= TASK OBJECTIVE =
Every record needs to be repeated exactly; its pictures do not.

= DATA LISTING =
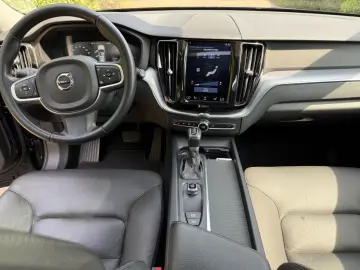 XC60 D4 Momentum Geartronic*PANO*LED*LEDER*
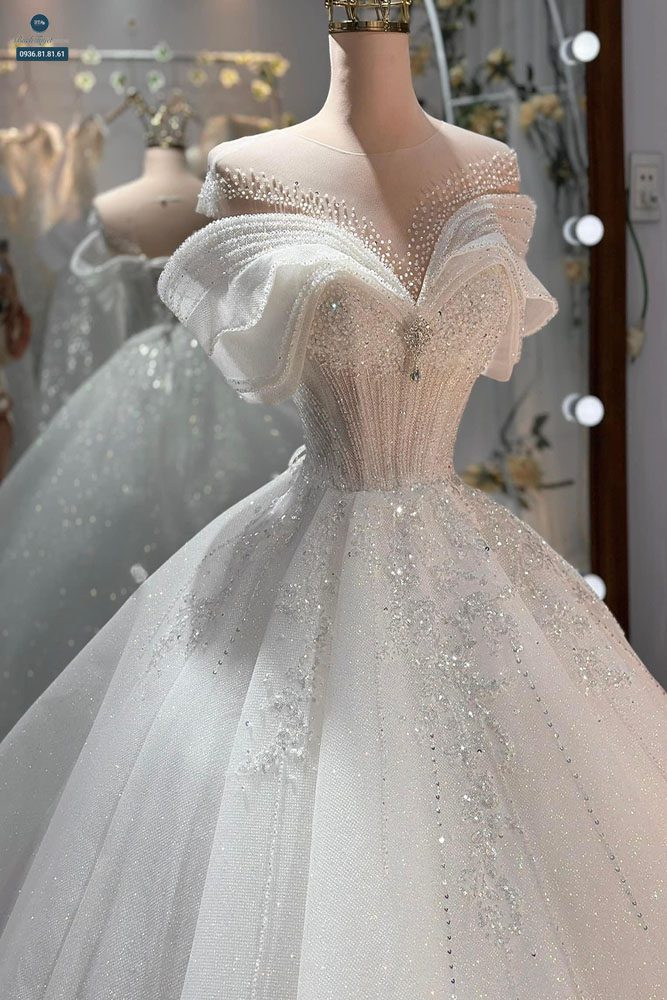 Có nên chọn váy cưới thiết kế riêng không? 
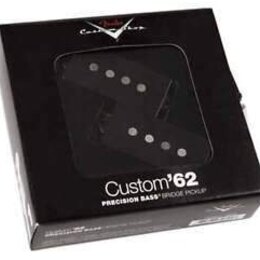 Černá krabička s průhledným okénkem, ve kterém je vidět černý snímač s pěti viditelnými póly. Na horní části krabice je logo Fender Custom Shop a v d…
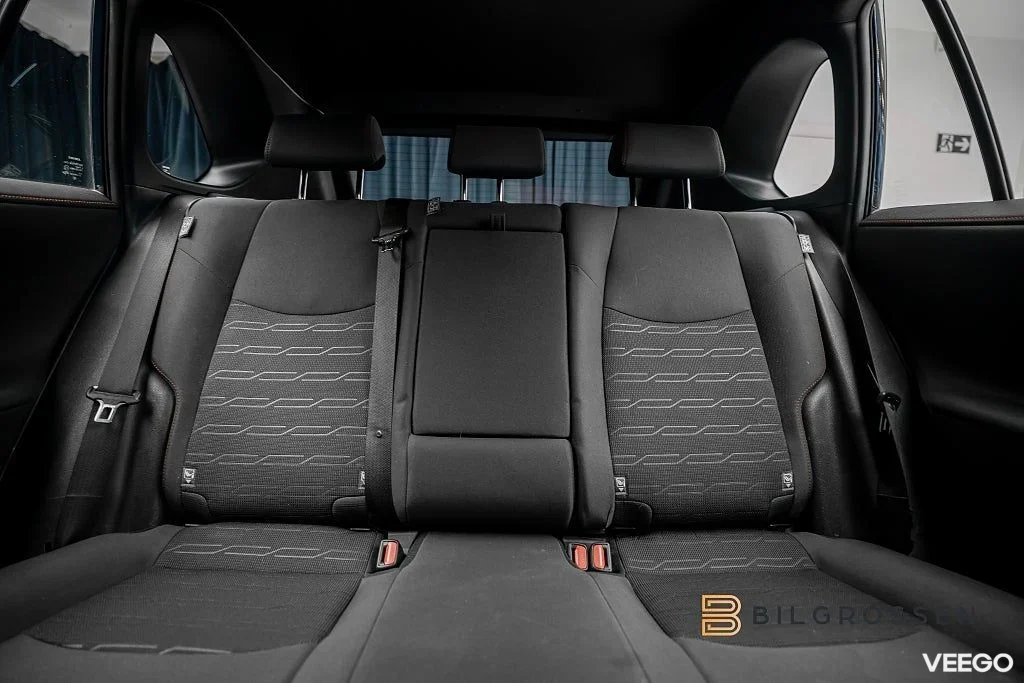 Toyota RAV4 Plug-in Hybrid E-CVT Active B-Kamera MOMS 225kW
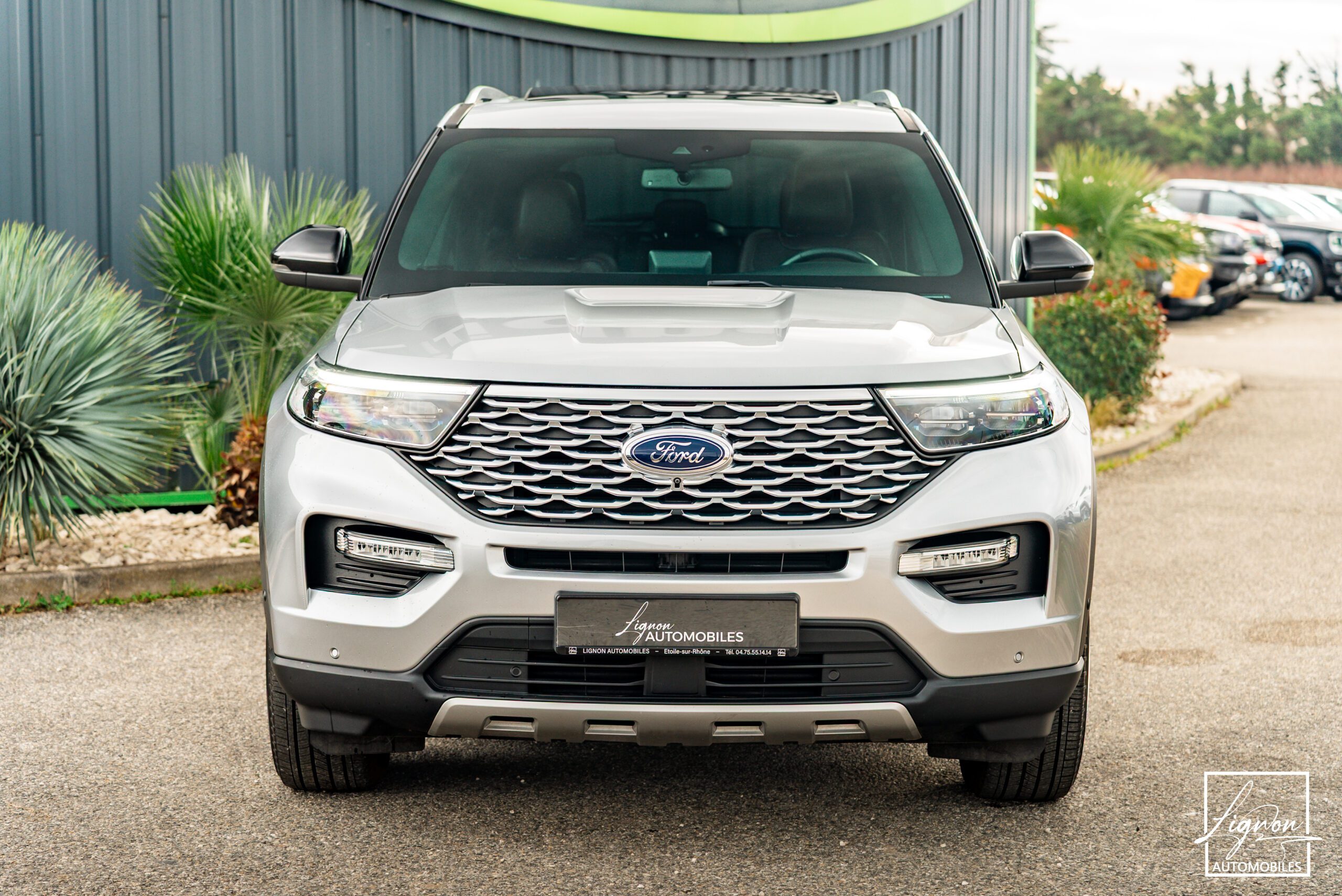 Photo FORD EXPLORER 3.0 ECOBOOST 457 ch Parallel PHEV Platinium i-AWD BVA10 - Attelage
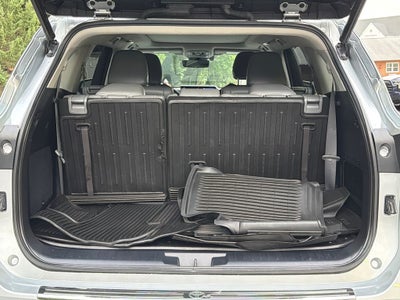 2021 Toyota Highlander Hybrid Platinum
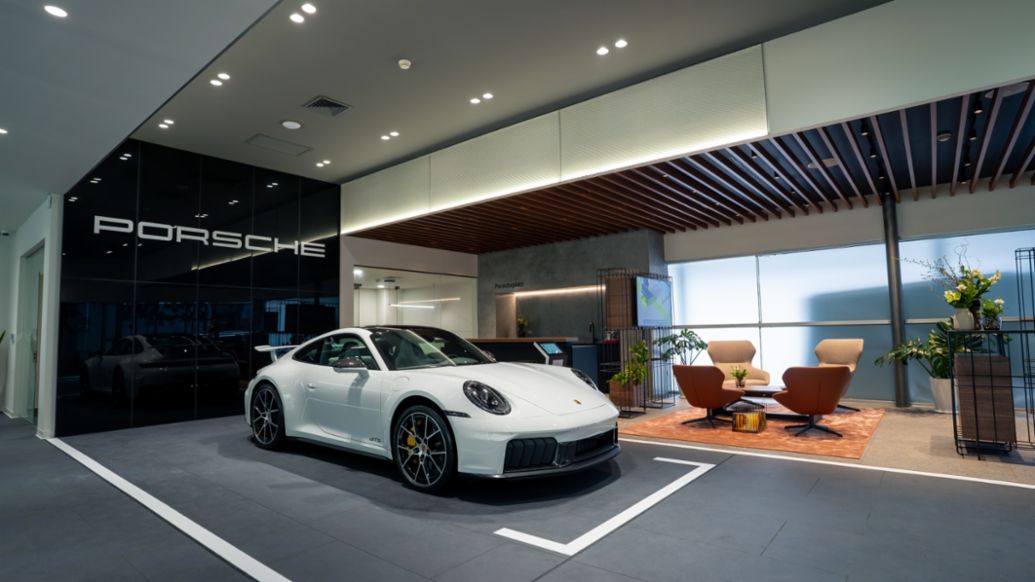 El 911 Carrera 4 GTS en color blanco exhibido en el renovado Porsche Center Lima, ubicado en el distrito de Surquillo, Lima, Perú, Porsche AG.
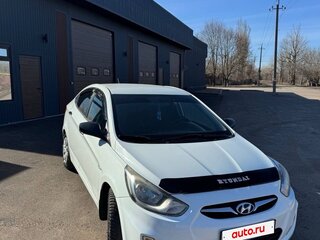 2011 Hyundai Solaris I, белый, 790000 рублей, вид 1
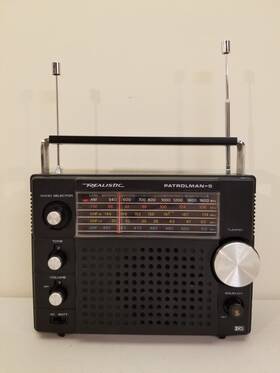 Patrolman-5 Realistic 12-773a Vtg. Radio Shack Multiband Am Fm Vhf Uhf Excellent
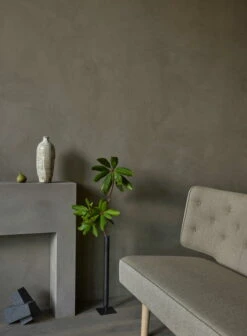 MENU Stance Vase, 50 Cm, Bronzed Brass -FINISH DESIGN SHOP MENU Stance Vase Radiohus Sofa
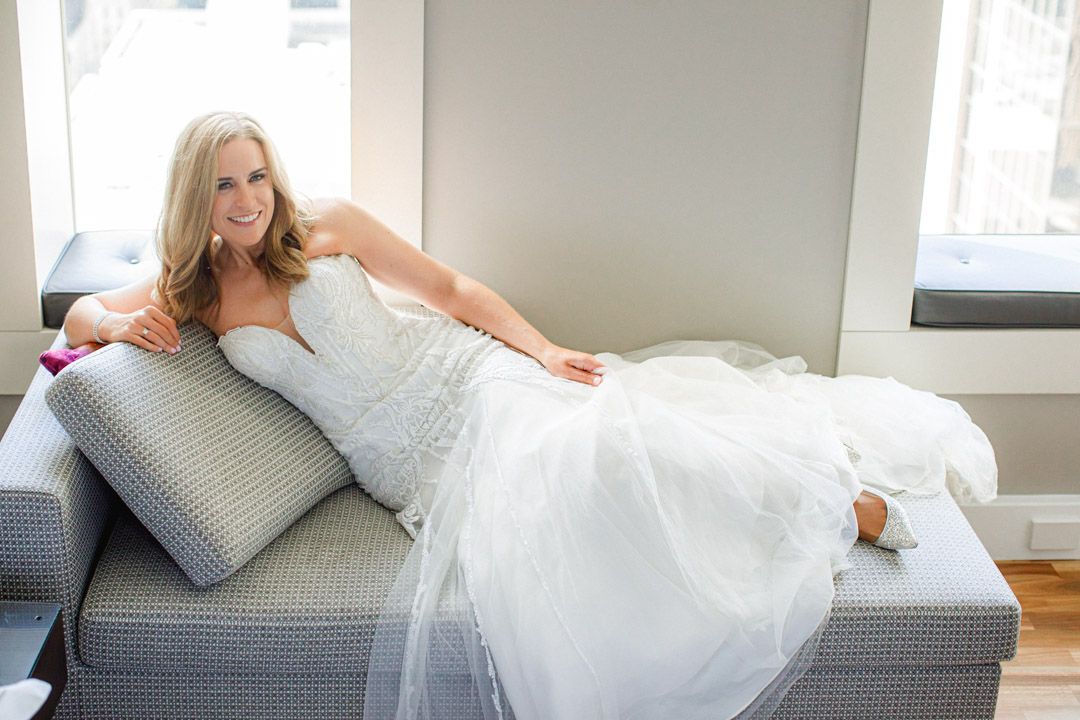 bride-getting-ready-hilton-hotel-wedding-photography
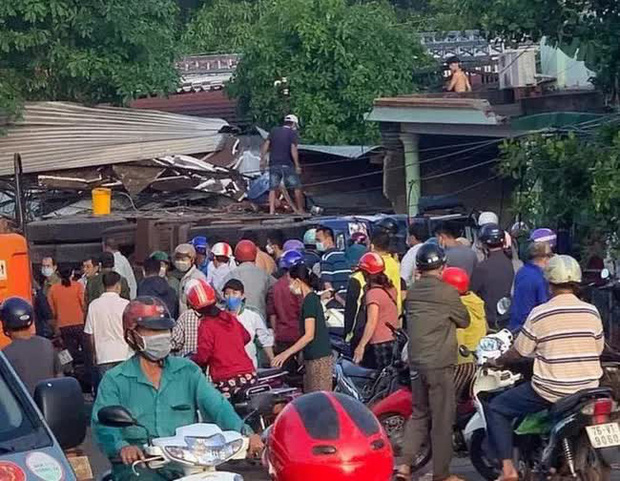   People rushed to save the victims trapped in the rubble after the truck slid downhill and overturned into the restaurant: Still breathing, still breathing... - Photo 3.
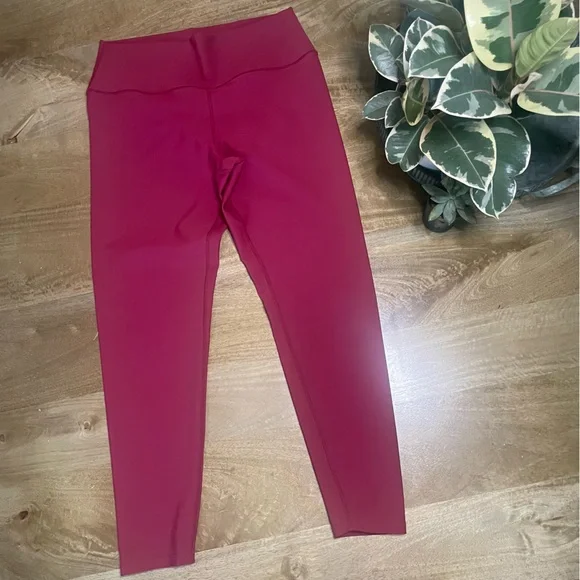 SAGE Collective Leggings - Picture 2 of 10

= ANSWER BELOW =
 XC60 D4 Momentum Geartronic*PANO*LED*LEDER*
 Có nên chọn váy cưới thiết kế riêng không? 
 Černá krabička s průhledným okénkem, ve kterém je vidět černý snímač s pěti viditelnými póly. Na horní části krabice je logo Fender Custom Shop a v d…
 Toyota RAV4 Plug-in Hybrid E-CVT Active B-Kamera MOMS 225kW
 Photo FORD EXPLORER 3.0 ECOBOOST 457 ch Parallel PHEV Platinium i-AWD BVA10 - Attelage
 2021 Toyota Highlander Hybrid Platinum
 El 911 Carrera 4 GTS en color blanco exhibido en el renovado Porsche Center Lima, ubicado en el distrito de Surquillo, Lima, Perú, Porsche AG.
 2011 Hyundai Solaris I, белый, 790000 рублей, вид 1
 Patrolman-5 Realistic 12-773a Vtg. Radio Shack Multiband Am Fm Vhf Uhf Excellent
 MENU Stance Vase, 50 Cm, Bronzed Brass -FINISH DESIGN SHOP MENU Stance Vase Radiohus Sofa
 bride-getting-ready-hilton-hotel-wedding-photography
   People rushed to save the victims trapped in the rubble after the truck slid downhill and overturned into the restaurant: Still breathing, still breathing... - Photo 3.
 SAGE Collective Leggings - Picture 2 of 10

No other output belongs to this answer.